Partitioning and Interceptors:

We have studied partitions in hive, similar to that we have partitions in Flume. By the help of partitions, we can access data fastly. In Flume we can partition data by time, a process can be run to transform the completed partition. We can store data in partition by setting hdfs.path parameter to include

subdirectories that use time format escape sequences:

agent1.sinks.sink1.hdfs.path = /tmp/flume/year=%Y/month=%m/day=%d

The partition that a Flume event is written to is determined by the timestamp header on the event. Events don’t have this header by default, but it can be added using a Flume interceptor.

Interceptors can modify or drop events based on any criteria chosen by us. They are just like classes which implement org.apache.flume.interceptor.Interceptor interface. Before the events are placed in the channel Interceptors are attached to sources and run on events.

In source configuration file we supply interceptors and they are invoked in the same order in which they are specified. We also have chaining of interceptors, in this events of one interceptor are passed to next interceptor as a chain process. If interceptor wants to drop any events, then it does not return that event in the list that it returns.
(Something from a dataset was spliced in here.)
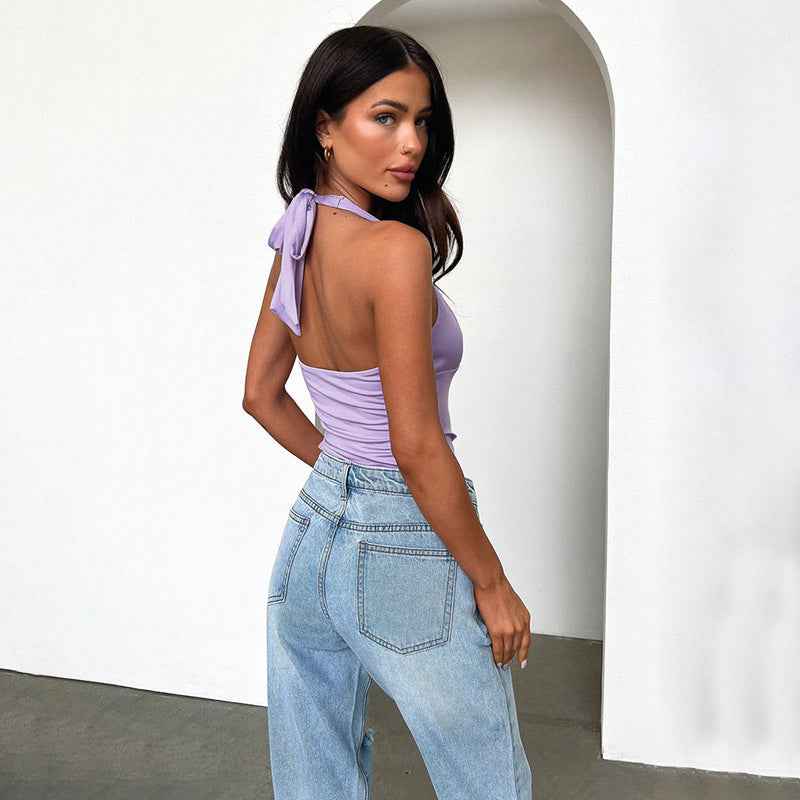 Collar Solid Color Slimming Halter Lace up Camisole Women Sexy Top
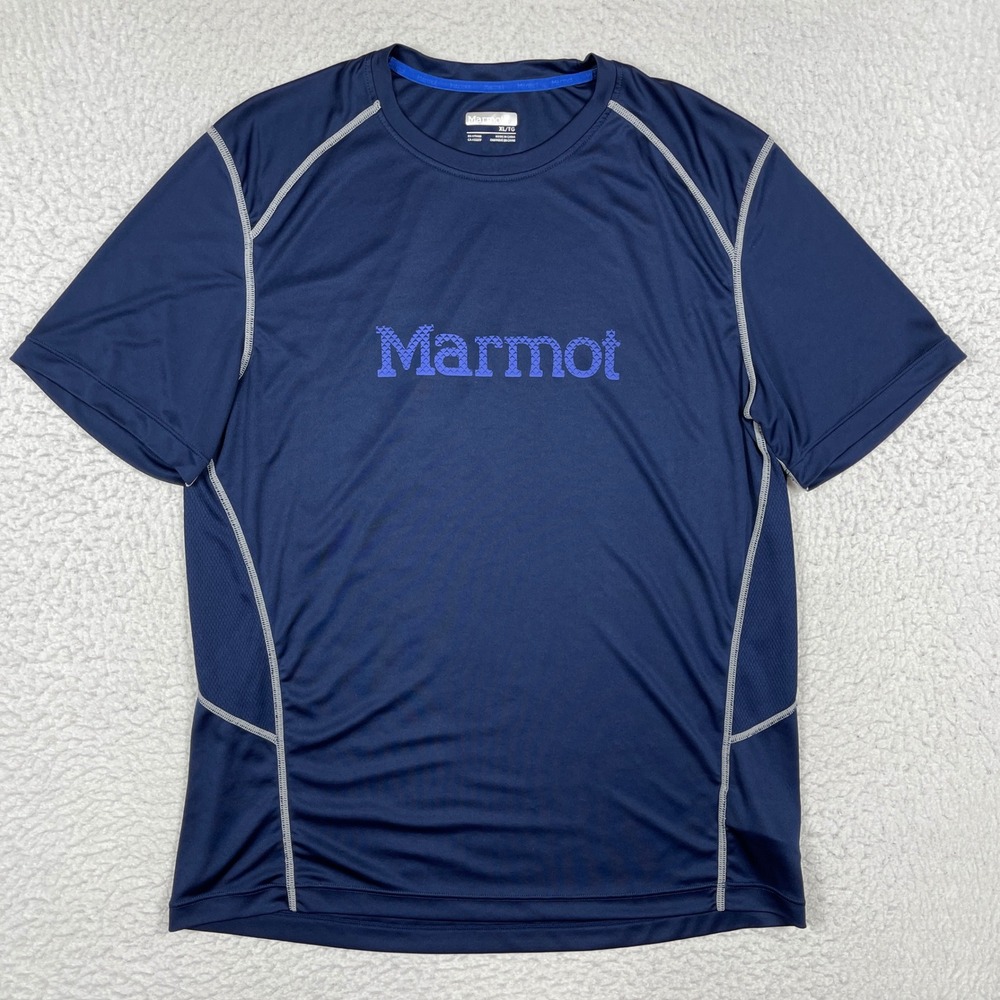 Marmot Performance T-Shirt Mens XL Navy Blue Short Sleeve Logo Hiking Gorpcore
Example configuration of interceptor are,

a1.sources = r1

a1.sinks = k1

a1.channels = c1

a1.sources.r1.interceptors = i1 i2

a1.sources.r1.interceptors.i1.type = org.apache.flume.interceptor.HostInterceptor$Builder

a1.sources.r1.interceptors.i1.preserveExisting = false

a1.sources.r1.interceptors.i1.hostHeader = hostname

a1.sources.r1.interceptors.i2.type = org.apache.flume.interceptor.TimestampInterceptor$Builder

a1.sinks.k1.filePrefix = FlumeData.%{CollectorHost}.%Y-%m-%d

a1.sinks.k1.channel = c1

(OR)

a1.sources.r1.interceptors = t1

a1.sources.r1.interceptors.t1.type = regex_extractor

a1.sources.r1.interceptors.t1.regex = ^(\\d)

Some of the examples of interceptors are TimestampInterceptor, HostInterceptor, StaticInterceptor, RegexInterceptor, etc.